Task | An exact reproduction of the records is required. Images must be left out.

Study material |
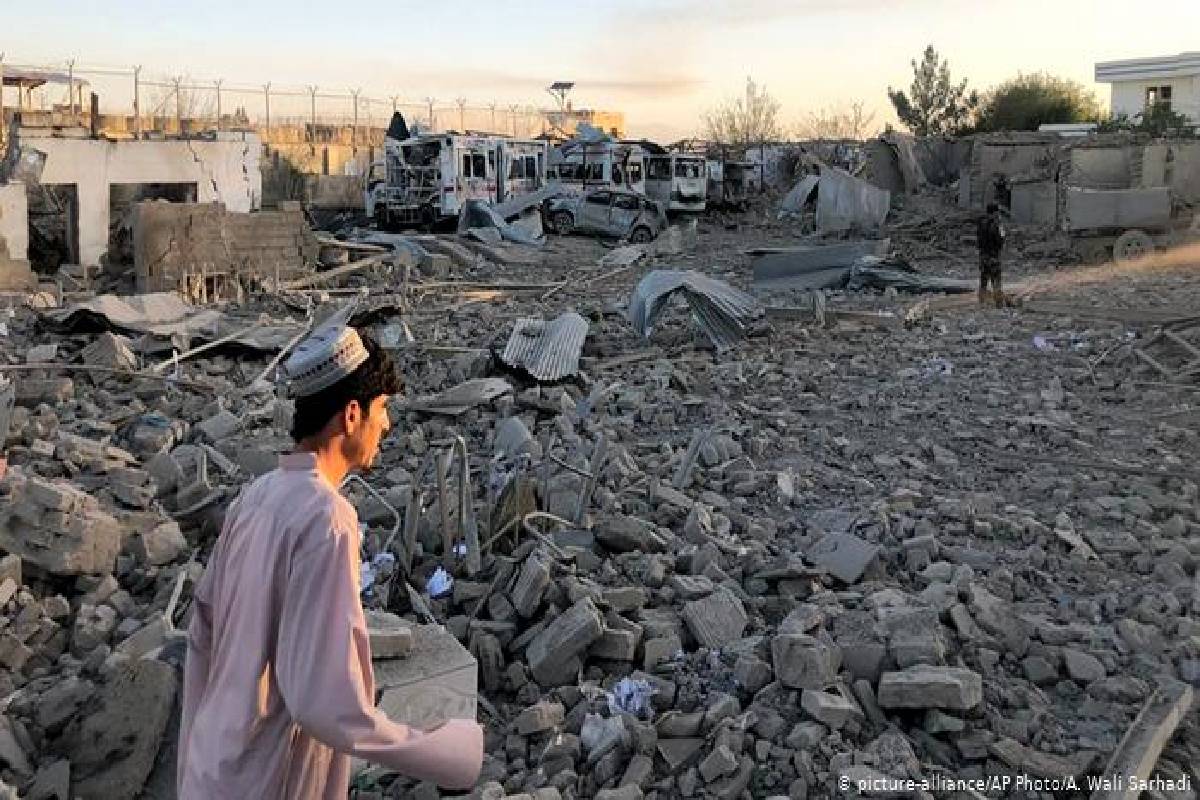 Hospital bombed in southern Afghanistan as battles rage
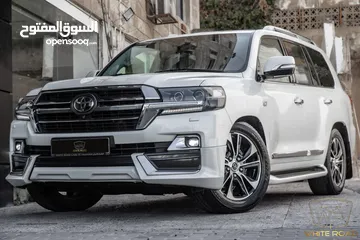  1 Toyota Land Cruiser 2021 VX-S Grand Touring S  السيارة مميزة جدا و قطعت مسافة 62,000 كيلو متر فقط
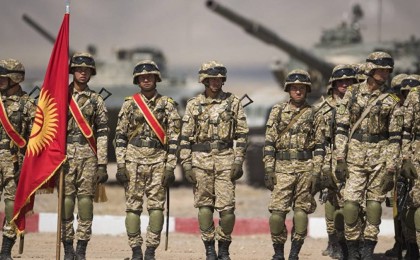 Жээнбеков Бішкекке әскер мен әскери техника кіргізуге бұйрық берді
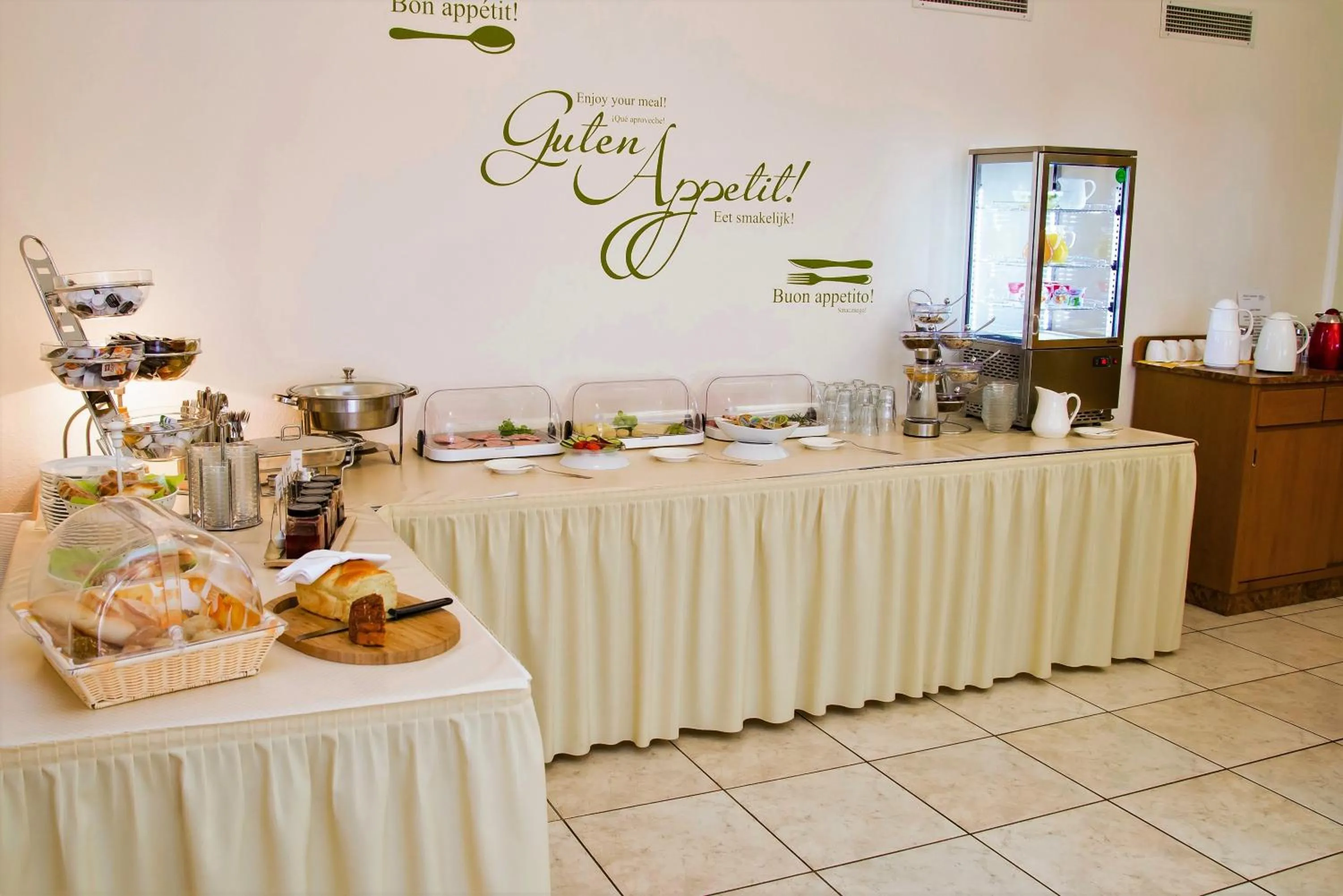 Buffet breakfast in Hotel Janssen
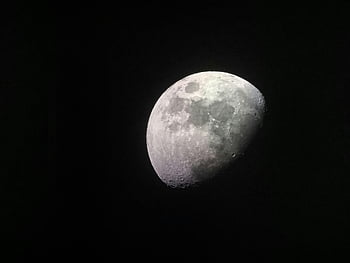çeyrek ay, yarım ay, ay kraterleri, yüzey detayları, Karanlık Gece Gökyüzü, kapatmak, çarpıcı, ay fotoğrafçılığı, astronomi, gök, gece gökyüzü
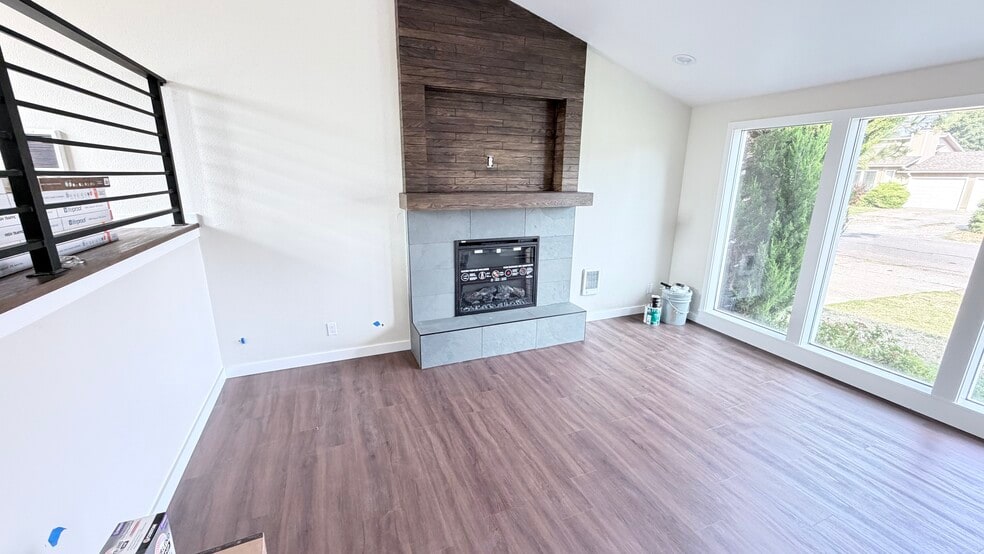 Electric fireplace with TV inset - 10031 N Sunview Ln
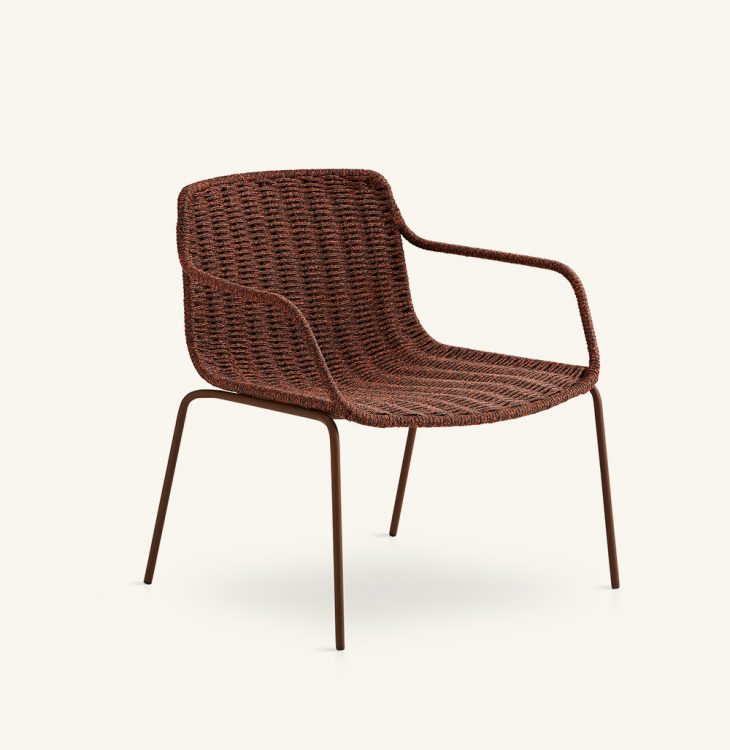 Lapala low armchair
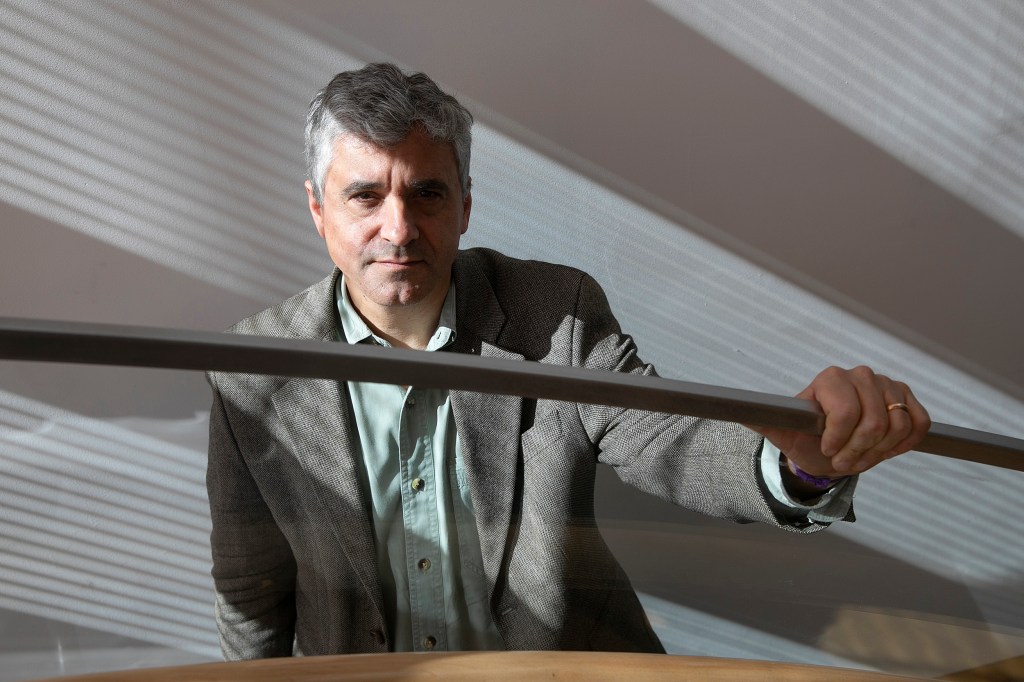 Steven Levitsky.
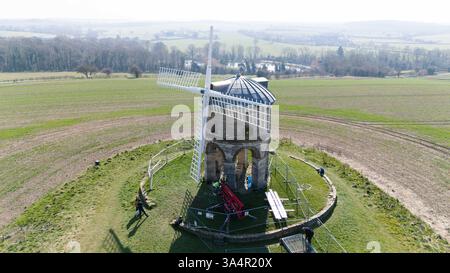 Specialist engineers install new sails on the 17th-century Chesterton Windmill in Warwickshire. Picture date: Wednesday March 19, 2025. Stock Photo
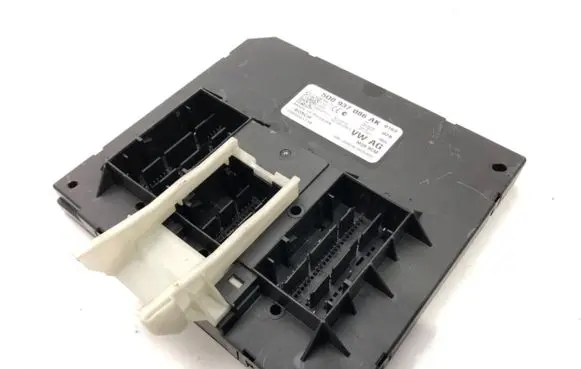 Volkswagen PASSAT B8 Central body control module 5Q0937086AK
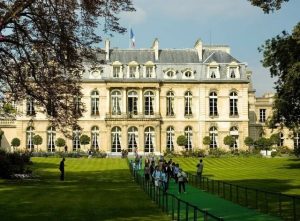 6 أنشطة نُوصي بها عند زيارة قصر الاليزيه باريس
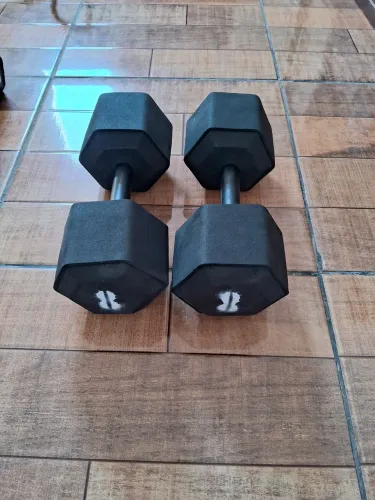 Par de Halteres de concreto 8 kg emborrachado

Response to this exercise |
 Hospital bombed in southern Afghanistan as battles rage
  1 Toyota Land Cruiser 2021 VX-S Grand Touring S  السيارة مميزة جدا و قطعت مسافة 62,000 كيلو متر فقط
 Жээнбеков Бішкекке әскер мен әскери техника кіргізуге бұйрық берді
 Buffet breakfast in Hotel Janssen
çeyrek ay, yarım ay, ay kraterleri, yüzey detayları, Karanlık Gece Gökyüzü, kapatmak, çarpıcı, ay fotoğrafçılığı, astronomi, gök, gece gökyüzü
 Electric fireplace with TV inset - 10031 N Sunview Ln
 Lapala low armchair
 Steven Levitsky.
 Specialist engineers install new sails on the 17th-century Chesterton Windmill in Warwickshire. Picture date: Wednesday March 19, 2025. Stock Photo
 Volkswagen PASSAT B8 Central body control module 5Q0937086AK
 6 أنشطة نُوصي بها عند زيارة قصر الاليزيه باريس
 Par de Halteres de concreto 8 kg emborrachado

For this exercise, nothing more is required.